An inebriated Briton who made a hoax call to amuse himself that a bomb was about to explode outside the Indian High Commission here has been penalised but spared a prison sentence.
Stephen Ridout, 44, admitted during a trial at the Bournemouth Crown Court that he made two bogus emergency calls on the evening of October 8 last year.
An unemployed person, Ridout is a resident of Witchampton in East Dorset.
Ridout made the two calls within minutes of each other to the emergency number 999, but the call handler quickly realised the situation and calmly handled the call without triggering an emergency response.
The court imposed a 12-month community order and told Ridout to carry out 200 hours of unpaid community work.
Prosecuting lawyer Jenny Rickman said Ridout's mobile phone number had been "very familiar" to Dorset police after he had made numerous calls from 2007.
She said: "On this occasion he made two calls, within minutes of each other, indicating that a bomb had been placed outside the Indian mission in London and was ready to explode.
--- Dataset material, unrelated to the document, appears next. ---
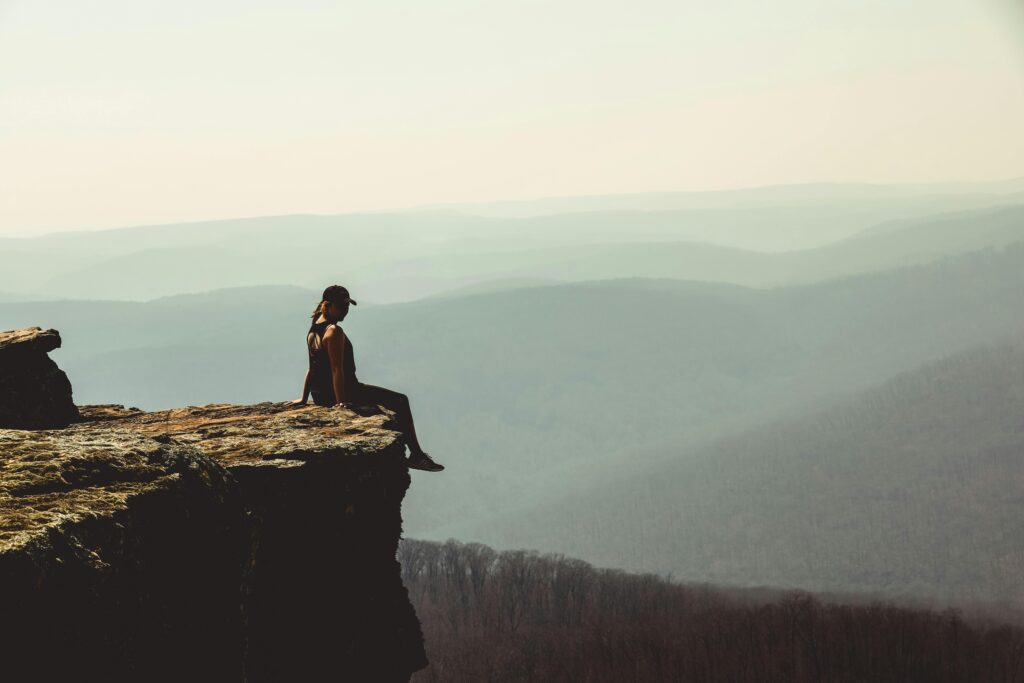 woman dangling legs off rock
It was apparent from the call handler's attitude he was not taken in by it at any stage. He told Ridout he was going to terminate the call and there was no emergency response."
In Ridout's defence, lawyer Robert Griffiths said his client had been drunk but later accepted his conduct had been "unacceptable".
Griffiths added: "It was an act of foolishness and he couldn't remember anything about it. He was drunk at home and feeling isolated; to amuse himself he decided to dial 999. The very experienced control room operator recognised it wasn't a serious threat."
Sentencing Ridout, Judge John Harrow told him: "In the present climate there are high levels of anxiety about bombs and explosions. This was reckless, feckless behaviour; it was irresponsible. It is your good fortune that the operator decided this was a hoax. If it had been taken seriously you would be facing a prison sentence; probably a lengthy one."